Please copy each line in the records below that contains the string "Water".

Brief descriptive captions:
'''
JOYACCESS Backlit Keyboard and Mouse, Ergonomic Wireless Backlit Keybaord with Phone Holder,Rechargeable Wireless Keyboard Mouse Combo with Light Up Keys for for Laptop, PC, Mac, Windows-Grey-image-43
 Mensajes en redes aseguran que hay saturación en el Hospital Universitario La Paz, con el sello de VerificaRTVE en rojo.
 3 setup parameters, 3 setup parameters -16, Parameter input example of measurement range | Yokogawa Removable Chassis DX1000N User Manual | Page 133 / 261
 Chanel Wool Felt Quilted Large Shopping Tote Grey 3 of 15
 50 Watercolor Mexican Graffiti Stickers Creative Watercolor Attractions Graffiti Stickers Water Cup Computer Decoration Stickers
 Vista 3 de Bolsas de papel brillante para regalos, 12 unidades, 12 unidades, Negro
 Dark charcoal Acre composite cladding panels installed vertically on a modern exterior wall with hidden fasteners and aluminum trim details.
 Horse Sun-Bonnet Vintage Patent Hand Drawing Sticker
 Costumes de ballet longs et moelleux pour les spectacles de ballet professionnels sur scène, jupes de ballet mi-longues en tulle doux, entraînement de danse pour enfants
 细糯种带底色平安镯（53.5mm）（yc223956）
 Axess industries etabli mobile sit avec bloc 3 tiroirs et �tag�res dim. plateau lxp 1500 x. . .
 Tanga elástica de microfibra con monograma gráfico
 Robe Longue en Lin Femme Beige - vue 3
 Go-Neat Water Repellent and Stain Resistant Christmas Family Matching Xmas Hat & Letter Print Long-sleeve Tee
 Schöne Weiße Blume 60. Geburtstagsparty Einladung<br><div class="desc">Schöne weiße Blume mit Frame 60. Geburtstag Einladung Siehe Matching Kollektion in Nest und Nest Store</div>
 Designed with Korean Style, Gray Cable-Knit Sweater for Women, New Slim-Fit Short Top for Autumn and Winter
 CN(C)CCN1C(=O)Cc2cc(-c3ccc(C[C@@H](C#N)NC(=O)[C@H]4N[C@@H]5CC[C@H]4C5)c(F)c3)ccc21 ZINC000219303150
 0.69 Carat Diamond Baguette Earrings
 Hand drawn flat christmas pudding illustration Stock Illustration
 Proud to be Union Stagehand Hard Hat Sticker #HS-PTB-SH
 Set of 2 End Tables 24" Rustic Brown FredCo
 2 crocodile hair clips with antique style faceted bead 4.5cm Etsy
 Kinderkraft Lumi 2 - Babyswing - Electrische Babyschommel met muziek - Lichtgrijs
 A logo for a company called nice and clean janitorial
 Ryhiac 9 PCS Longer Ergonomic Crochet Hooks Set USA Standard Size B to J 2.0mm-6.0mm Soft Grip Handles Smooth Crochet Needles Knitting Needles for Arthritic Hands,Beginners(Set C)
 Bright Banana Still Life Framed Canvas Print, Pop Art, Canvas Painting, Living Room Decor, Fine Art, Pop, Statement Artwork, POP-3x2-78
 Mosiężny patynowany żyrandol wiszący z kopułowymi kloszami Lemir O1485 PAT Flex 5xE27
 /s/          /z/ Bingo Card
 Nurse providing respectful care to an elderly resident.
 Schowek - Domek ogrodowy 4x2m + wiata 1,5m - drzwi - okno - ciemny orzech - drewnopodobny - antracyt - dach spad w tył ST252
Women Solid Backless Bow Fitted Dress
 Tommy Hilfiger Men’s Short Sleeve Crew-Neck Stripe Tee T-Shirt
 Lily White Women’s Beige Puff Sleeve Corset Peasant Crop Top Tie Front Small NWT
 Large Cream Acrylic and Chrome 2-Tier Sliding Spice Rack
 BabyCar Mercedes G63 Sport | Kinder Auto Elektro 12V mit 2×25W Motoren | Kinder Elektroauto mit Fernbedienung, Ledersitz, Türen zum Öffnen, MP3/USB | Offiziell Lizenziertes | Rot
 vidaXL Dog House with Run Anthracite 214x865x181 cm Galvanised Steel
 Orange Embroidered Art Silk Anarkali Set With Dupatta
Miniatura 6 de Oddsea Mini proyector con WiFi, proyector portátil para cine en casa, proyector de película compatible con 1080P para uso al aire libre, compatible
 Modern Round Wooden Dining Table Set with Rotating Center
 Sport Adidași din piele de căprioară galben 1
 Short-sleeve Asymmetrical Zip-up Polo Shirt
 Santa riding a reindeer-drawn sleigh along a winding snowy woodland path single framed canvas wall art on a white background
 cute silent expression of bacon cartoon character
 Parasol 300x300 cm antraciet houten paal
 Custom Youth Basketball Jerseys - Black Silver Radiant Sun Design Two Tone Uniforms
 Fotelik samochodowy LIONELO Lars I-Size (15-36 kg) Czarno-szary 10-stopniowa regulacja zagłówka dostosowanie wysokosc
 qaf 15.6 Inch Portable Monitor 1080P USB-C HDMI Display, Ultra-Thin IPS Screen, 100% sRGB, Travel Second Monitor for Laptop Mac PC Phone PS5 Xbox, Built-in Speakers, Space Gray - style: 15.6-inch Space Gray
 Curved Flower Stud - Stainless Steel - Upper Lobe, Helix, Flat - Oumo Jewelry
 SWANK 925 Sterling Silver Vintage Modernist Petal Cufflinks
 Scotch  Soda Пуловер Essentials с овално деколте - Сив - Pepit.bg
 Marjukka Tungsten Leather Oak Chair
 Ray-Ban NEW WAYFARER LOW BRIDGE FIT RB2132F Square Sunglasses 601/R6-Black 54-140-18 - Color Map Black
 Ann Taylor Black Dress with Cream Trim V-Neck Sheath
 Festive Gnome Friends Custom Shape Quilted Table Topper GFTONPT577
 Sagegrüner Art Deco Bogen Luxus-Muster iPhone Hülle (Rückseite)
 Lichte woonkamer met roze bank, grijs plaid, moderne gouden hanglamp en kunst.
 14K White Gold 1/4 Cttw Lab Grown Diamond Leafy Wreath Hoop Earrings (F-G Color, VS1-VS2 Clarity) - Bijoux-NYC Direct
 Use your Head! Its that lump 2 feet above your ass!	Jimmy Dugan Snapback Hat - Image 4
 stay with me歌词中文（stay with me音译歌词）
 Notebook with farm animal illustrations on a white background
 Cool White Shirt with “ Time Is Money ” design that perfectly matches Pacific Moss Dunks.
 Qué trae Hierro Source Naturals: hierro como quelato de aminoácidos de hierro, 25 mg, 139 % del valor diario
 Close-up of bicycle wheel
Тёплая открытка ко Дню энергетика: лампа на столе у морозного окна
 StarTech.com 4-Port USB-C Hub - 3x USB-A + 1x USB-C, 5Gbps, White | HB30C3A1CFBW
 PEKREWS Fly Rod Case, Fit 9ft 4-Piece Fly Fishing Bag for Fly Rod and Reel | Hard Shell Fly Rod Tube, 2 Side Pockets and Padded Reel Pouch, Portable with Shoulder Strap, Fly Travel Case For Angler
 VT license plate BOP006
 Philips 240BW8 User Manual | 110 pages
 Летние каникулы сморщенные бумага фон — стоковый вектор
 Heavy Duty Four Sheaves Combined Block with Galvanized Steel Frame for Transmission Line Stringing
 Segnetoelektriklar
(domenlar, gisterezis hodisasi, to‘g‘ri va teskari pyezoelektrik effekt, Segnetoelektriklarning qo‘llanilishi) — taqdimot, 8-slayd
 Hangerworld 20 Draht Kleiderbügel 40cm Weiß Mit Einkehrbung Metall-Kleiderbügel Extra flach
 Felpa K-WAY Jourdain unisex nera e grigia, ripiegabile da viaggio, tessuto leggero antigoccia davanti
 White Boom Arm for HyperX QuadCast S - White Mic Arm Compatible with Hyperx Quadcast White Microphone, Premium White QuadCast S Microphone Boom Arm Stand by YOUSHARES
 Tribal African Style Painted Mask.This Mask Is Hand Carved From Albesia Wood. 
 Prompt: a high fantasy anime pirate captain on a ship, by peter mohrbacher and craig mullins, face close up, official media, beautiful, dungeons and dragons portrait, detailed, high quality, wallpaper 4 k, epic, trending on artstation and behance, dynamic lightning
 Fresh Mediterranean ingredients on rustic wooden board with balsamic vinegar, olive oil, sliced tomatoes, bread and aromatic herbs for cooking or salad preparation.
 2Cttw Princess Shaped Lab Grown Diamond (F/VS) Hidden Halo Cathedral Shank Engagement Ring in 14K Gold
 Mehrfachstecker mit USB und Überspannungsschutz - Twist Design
'''
# Written solution
 50 Watercolor Mexican Graffiti Stickers Creative Watercolor Attractions Graffiti Stickers Water Cup Computer Decoration Stickers
 Go-Neat Water Repellent and Stain Resistant Christmas Family Matching Xmas Hat & Letter Print Long-sleeve Tee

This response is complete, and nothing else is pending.